Top Washington state Democrats, Sen. Patty Murray and Gov. Jay Inslee, have not committed to removing the dams, but last October they announced they would form a study and release their recommendations for salmon recovery and the Snake River by July 31.
After holding his own roundtable this week on the Snake River, Rep. Dan Newhouse, R-Wash., pushed back on the White House CEQ's blog post, stating the White House is only listening to the argument from people who want to remove the dams. That position "ignores not one, but two multi-year, multi-million dollar studies implemented by both Republican and Democratic administrations that came to the conclusion that dam-breaching would not benefit our native salmon species," Newhouse said.
Newhouse offered more history, citing that one reason salmon have been slow to return is "the fact that the state of Idaho quite literally poisoned their lakes and waterways systematically in the 1940s, '50s, and '60s to exterminate native salmon populations." Newhouse added that fish returns were clearly documented as declining long before the Lower Snake River Dams were even built.
Newhouse said the river and dams provide "clean, carbon-free energy throughout the region, water for their crops that feed the world, and clean, reliable transportation to move their goods to export markets."
For wheat growers, Goule said NAWG and others will work to stop any funding through a Water Resources Development Act (WRDA) bill or appropriations bill that would call for removing the dams.
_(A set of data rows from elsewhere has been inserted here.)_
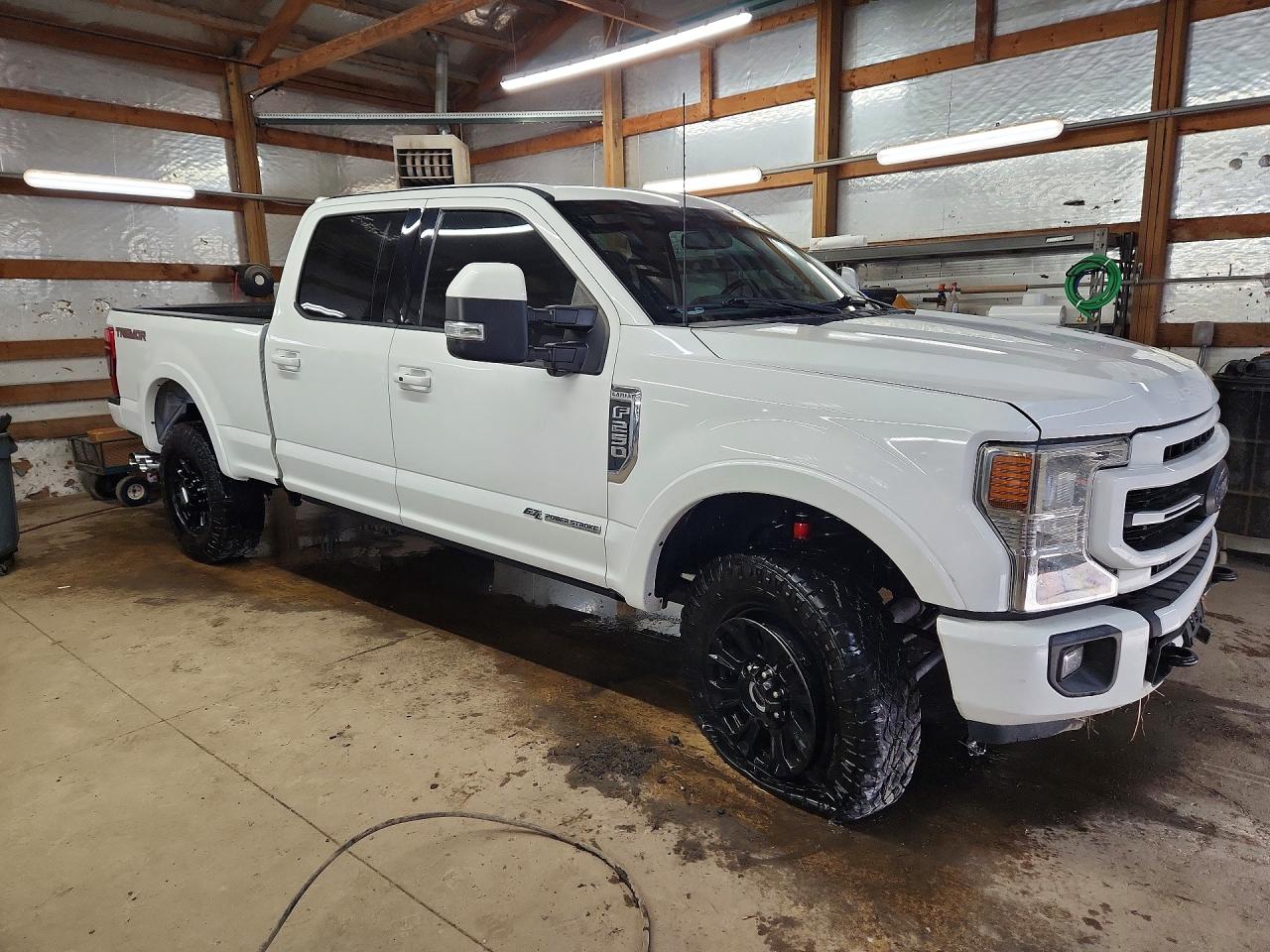 Ford F-250 Super Duty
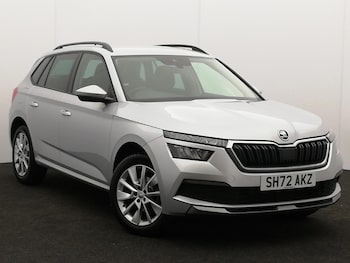 Used Skoda Kamiq 2023 for sale - 78126348: Photo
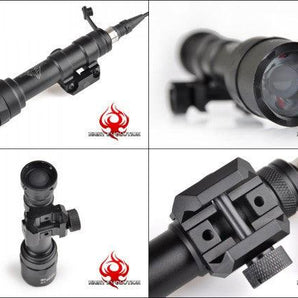 Night Evolution M600U Scout Light ( LED Full Version / Black )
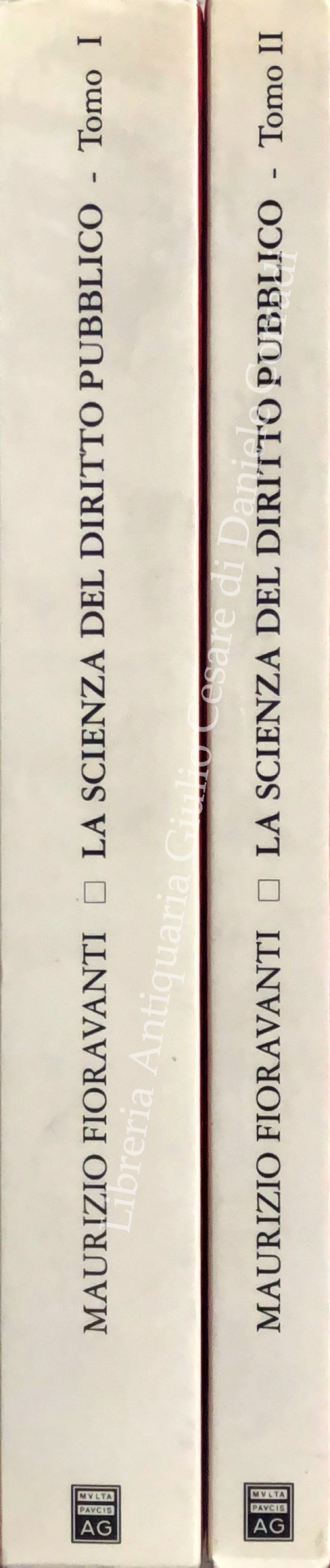 La scienza del diritto pubblico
Hennings also said the recommendations from Inslee and Murray later this summer will be crucial for policy considerations going forward.
"They are going to come out with a report basically yea or nay on the dams in July and so we've been doing what we can to provide them with information they need to make their assessment," Hennings said. She added, "We do support salmon recovery, but it's the year 2022 -- with research and technology, the salmon and dams can coexist, and people can coexist. There are some projects out there that we do support."